S’exprimant au cours du point de presse hebdomadaire de la mission de l’ONU, Basse a souligné que « le camp de transit réservé aux rebelles rwandais des Forces démocratiques de libération du Rwanda (FDLR) à Kisangani (chef lieu de la province orientale) est toujours vide ».
Le processus de désarmement de ces rebelles Hutu présents dans l’Est de la RDC depuis 20 ans, n’avance pas car « ils ne quitteront le sol congolais sous aucune condition », a affirmé le porte-parole.
Cependant, deux organisations sous régionales - la Communauté du développement de l’Afrique australe (SADC) et la Conférence internationale pour la région des Grands Lacs (CIRGL) – soutenues par la communauté internationale, avaient accordé, au mois de juillet dernier, un délai de 6 mois à tous les éléments rebelles des FDLR, pour se désarmer.

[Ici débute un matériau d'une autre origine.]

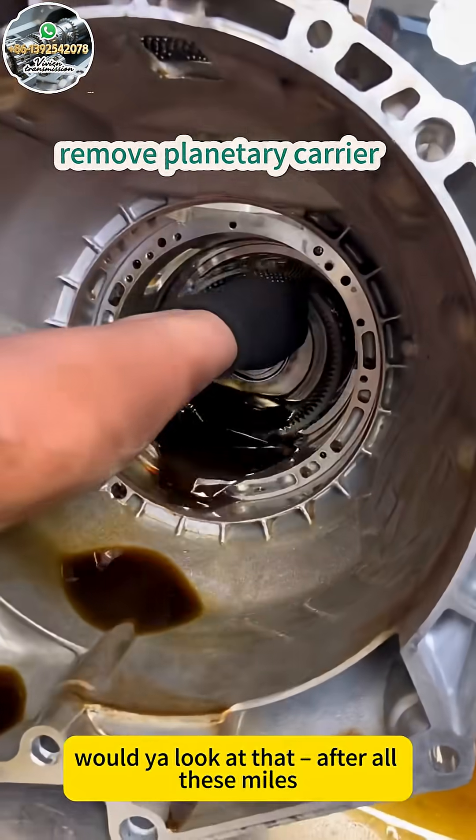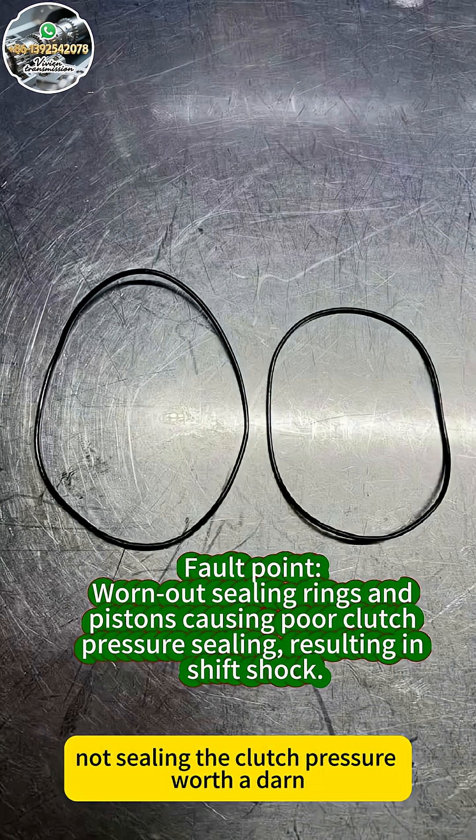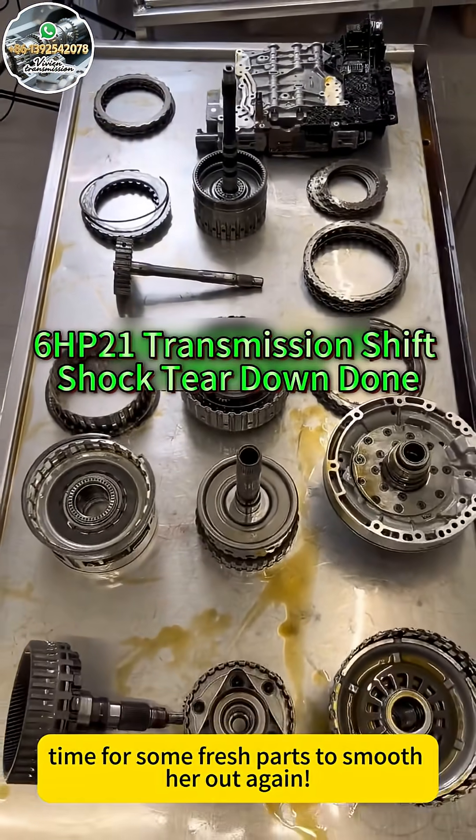After all these miles, the sealing rings and pistons are worn out like my favorite boots — not sealing the clutch pressure worth a dart. That's what's causing those nasty impacts. Time for some fresh parts to smooth her out again.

D’après le chef de la Monusco, Martin Kobler, « ce timing ralentit la pression du processus de la reddition », puisqu’il donne aux éléments rebelles l’occasion « de tirer inutilement les choses en longueur », a-t-il indiqué dans un communiqué datant du 10 septembre 2014.
Pour Kobler, les rebelles profitent aussi de « ce timing » pour formuler de nombreuses revendications politiques à l’endroit du régime de Kigali.
Ces rebelles « cherchent une solution politique », or « la Monusco ne peut pas s’ingérer dans les affaires politiques d’un pays », avait encore déclaré le chef de la mission onusienne, qui n’exclut pas « une option militaire », si le désarmement ne suit pas son cours.
Jusqu’à présent, 230 éléments des FDLR ont accepté le processus DDRRR (Désarmement, Démobilisation, Rapatriement, Réinsertion et Réintégration) sur un total de 500 rebelles, a confirmé une source onusienne à Anadolu.